'Assim como o café também nos transformamos em pó' de Henrique Diogo
- Marisa Melo

- 1 de fev. de 2024
- 2 min de leitura
Atualizado: 16 de mai.

Há obras que não se apressam, que não precisam narrar de imediato. Elas apenas estão. E, estando, se impõem pela presença que silenciosamente ocupa o olhar. Assim como o café também nos transformamos em pó, obra acrílica sobre tela de 90x60 cm, é uma dessas. Criada por Henrique Diogo, artista autodidata que constrói sua linguagem visual a partir de a partir de um repertório sensível.
A estrutura da composição é marcada por um ritmo geométrico, quase cerimonial. O olhar caminha por blocos de cor que se entrelaçam, formando uma espécie de tapeçaria viva onde nada é por acaso. Vermelhos densos, verdes em gradações terrosas, negros como sombra de raiz. A paleta, vibrante, conversa com a terra, com a planta, com o fruto e com aquilo que não se nomeia mas se intui. O café está presente como corpo, mas também como tempo. Como ciclo que começa na semente, passa pelo fogo e retorna ao pó.
Feita para o espaço Art Café, em Poços de Caldas, a obra carrega o espírito do lugar. Mas transcende a encomenda. Ela ultrapassa o decorativo e se aproxima da meditação. Há algo de rito, algo de memória, algo de despedida nessa pintura. O título, quase uma sentença bíblica, remete à nossa matéria efêmera. Ao destino que todos compartilhamos com a terra, com o café, com tudo que nasce, se transforma e um dia retorna.
A escolha de Henrique por uma linguagem abstrata não afasta, pelo contrário. Ela abre. Permite que o observador não apenas compreenda, mas participe. Cada cor, cada forma, cada repetição de padrão nos conduz por uma travessia simbólica. É a vida representada sem figura humana, mas cheia de humanidade. O pó aqui não é fim, é passagem. É lembrança de que até o mais simples grão carrega a potência de um destino.
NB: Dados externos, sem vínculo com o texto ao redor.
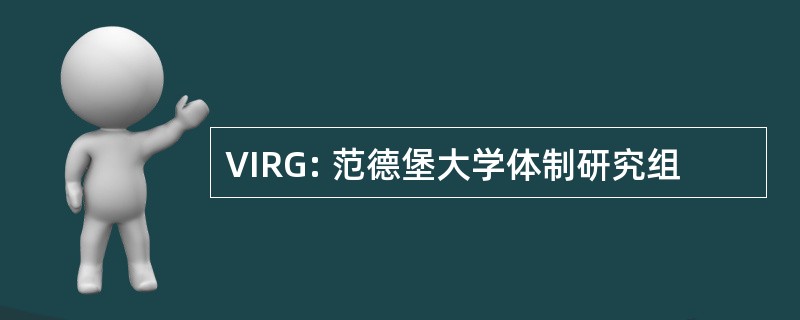 VIRG: 范德堡大学体制研究组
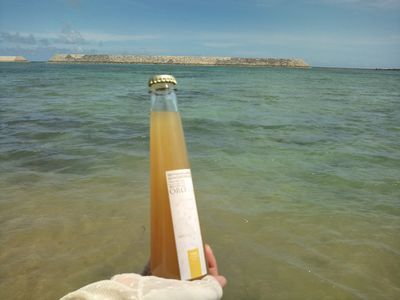 1000円グルメの日々in宇都宮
E ainda há o café. A xícara que acompanha silêncios, encontros, lutos e alegrias. A bebida que une e sustenta. Henrique entende esse gesto e o eleva. Sua pintura é, também, uma homenagem ao cotidiano que nos sustenta. Àquilo que nos dá pausa. Ao calor que se segura entre as mãos. Ao aroma que nos devolve o chão quando o mundo gira demais.
Assim como o café também nos transformamos em pó não é uma obra para ser compreendida em um instante. É para ser respirada. Para ser lembrada. Ela nos fala de tudo aquilo que um dia foi semente e que, um dia, voltará à terra. E nos recorda, com elegância, que mesmo o que desaparece, permanece.